GRANDE POETA É O POVO
O Abrigo dos Velhos Trabalhadores
de Montemor-o-Novo é muito mais do que o edifício que o agasalha e acomoda,
No seu interior encontra-se o
sentimento de cada um dos seus residentes e a sabedoria acumulada que advém da
experiência adquirida na sua longa vida.
Durante muitos anos, a população
residente no Abrigo era maioritariamente de origem rural. Por necessidade
familiar, começava-se a trabalhar no campo desde tenra idade, sendo a escola um
luxo a que poucos tinham acesso. Resultava daí a enorme taxa de analfabetismo
que se iria manter pela vida fora.
Mas falta de instrução não
significava ausência de sensibilidade e sempre se encontrou dentro do Abrigo
quem desse largas à sua imaginação e talento nas mais variadas áreas
artísticas.
Sempre houve, no decorrer da vida
da Instituição, quem revelasse dotes de poeta, de contador de histórias ou de
artesão. Alguns, com tal talento, que nos interrogamos até onde poderiam ter
ido se lhes tivesse sido dada a oportunidade de aprenderem e desenvolverem, em
devido tempo, as suas naturais aptidões nos diversos campos da sua preferência.
Quer com pequenas entrevistas,
quer com fotografias que valham mais que mil palavras, quer com pequenos
apontamentos, vamos tentar dar a conhecer alguns dos utentes que fazem parte
deste universo que, lá fora, é ainda para muitos desconhecido, não obstante os
convites que temos feito no sentido de nos visitarem.
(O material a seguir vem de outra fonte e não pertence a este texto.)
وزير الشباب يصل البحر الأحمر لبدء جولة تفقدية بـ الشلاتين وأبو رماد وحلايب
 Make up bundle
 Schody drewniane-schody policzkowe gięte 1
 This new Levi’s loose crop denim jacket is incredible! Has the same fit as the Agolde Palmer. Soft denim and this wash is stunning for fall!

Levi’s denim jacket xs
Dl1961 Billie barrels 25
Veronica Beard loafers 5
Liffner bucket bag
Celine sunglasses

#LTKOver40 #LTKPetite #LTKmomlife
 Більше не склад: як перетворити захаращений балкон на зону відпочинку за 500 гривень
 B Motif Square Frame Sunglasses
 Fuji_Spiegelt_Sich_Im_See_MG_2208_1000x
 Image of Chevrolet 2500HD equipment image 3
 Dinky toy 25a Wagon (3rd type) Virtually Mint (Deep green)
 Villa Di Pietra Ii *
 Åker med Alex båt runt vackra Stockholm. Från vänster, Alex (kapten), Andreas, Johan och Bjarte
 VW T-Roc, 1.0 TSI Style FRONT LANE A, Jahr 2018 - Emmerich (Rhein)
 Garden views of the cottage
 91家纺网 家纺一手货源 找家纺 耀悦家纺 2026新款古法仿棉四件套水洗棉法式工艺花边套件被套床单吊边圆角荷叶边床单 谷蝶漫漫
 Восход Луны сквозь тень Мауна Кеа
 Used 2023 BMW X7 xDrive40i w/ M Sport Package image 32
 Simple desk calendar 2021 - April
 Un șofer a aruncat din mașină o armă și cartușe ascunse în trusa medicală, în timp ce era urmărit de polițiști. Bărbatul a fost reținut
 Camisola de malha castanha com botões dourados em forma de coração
A nossa figura de hoje chama-se BASILISSA
SENHORINHA PERNAS, nasceu em Évora há 78 anos e cresceu com cinco
irmãos mais velhos e um primo. A mãe engravidou dezasseis vezes, mas apenas deu
à luz seis rebentos com vida. Os restantes, por aborto espontâneo ou acidente,
nunca viram a luz do dia.
Já casada com Salvador António
Batista, de quem enviuvou há cinco anos, morou no Escoural durante 18 anos e
antes de ingressar no Abrigo, há 6 anos atrás, ainda viveu com o marido, uma
filha, o genro e uma neta aqui em Montemor, na Rua de Avis.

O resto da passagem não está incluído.